Information -

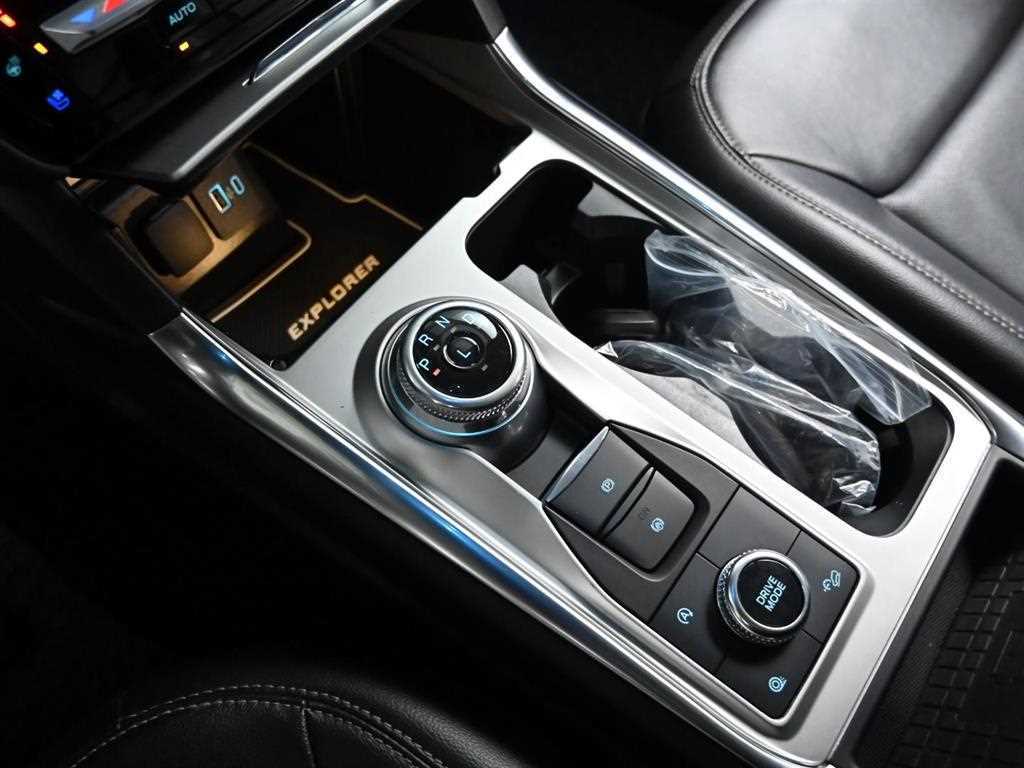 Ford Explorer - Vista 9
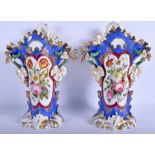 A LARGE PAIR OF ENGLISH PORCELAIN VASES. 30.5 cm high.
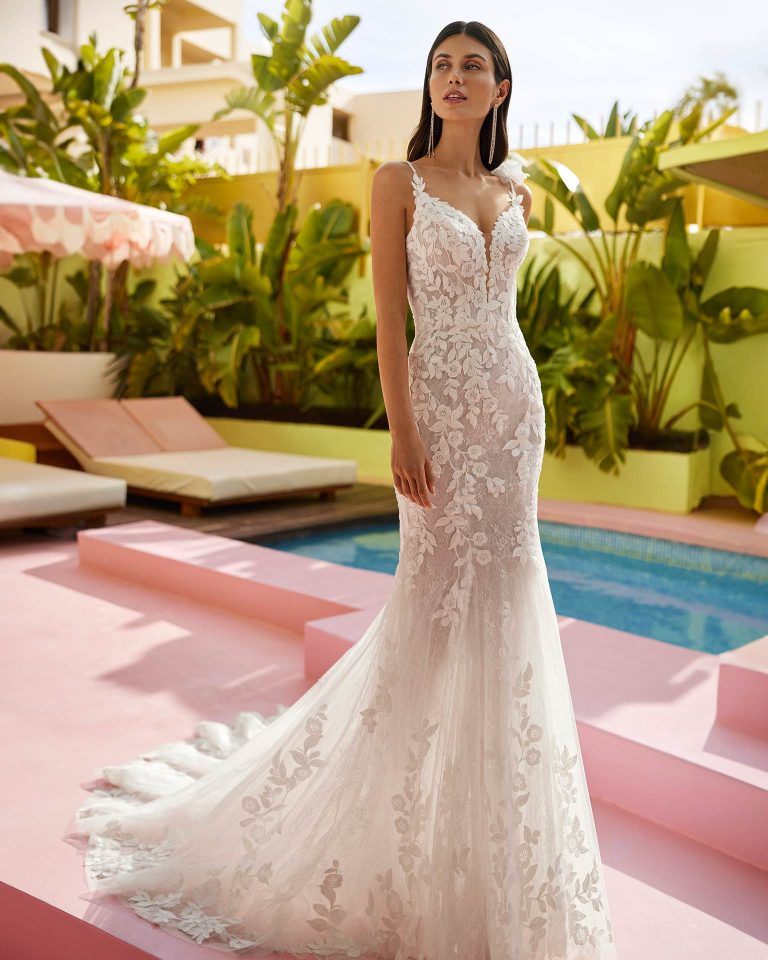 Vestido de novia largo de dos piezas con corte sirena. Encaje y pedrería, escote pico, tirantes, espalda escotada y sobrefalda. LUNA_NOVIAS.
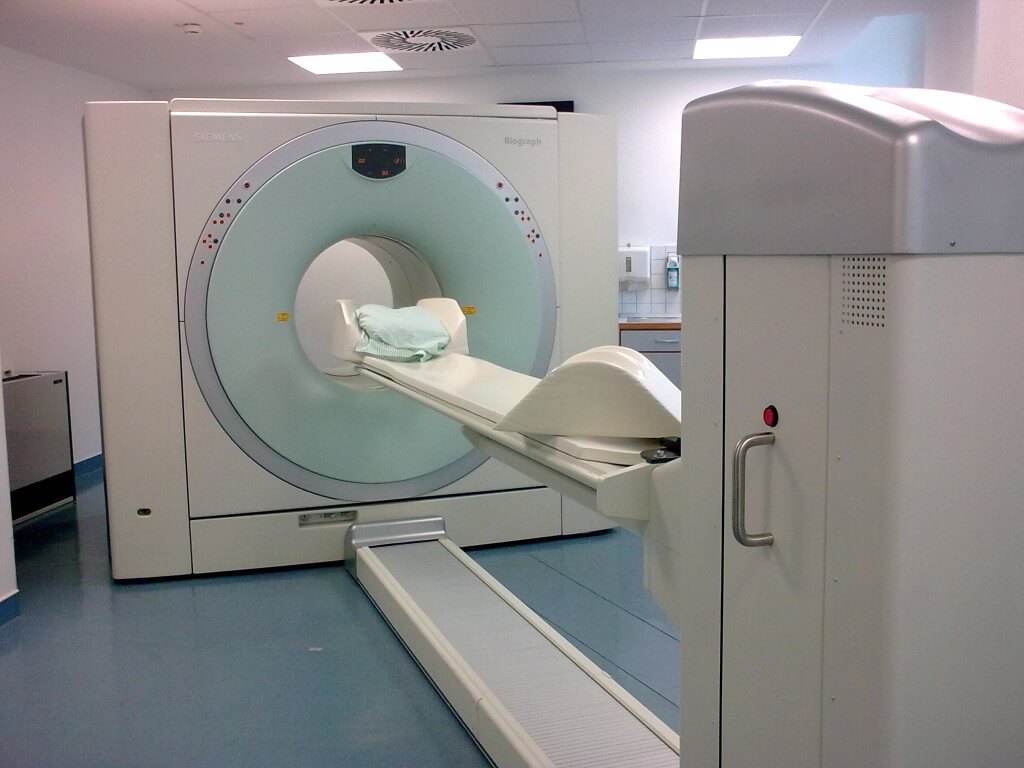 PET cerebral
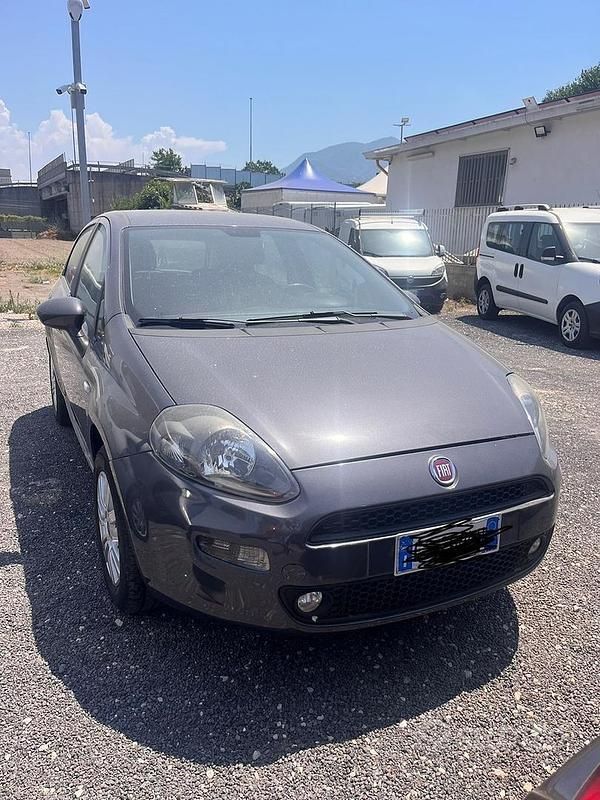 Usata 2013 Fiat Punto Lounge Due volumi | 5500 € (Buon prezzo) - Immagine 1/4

Assignment -
Find the line with "Vestido de novia" in the listing above, then write it out along with every later line through the last one, exactly, omitting pictures.

Response below -
 Vestido de novia largo de dos piezas con corte sirena. Encaje y pedrería, escote pico, tirantes, espalda escotada y sobrefalda. LUNA_NOVIAS.
 PET cerebral
 Usata 2013 Fiat Punto Lounge Due volumi | 5500 € (Buon prezzo) - Immagine 1/4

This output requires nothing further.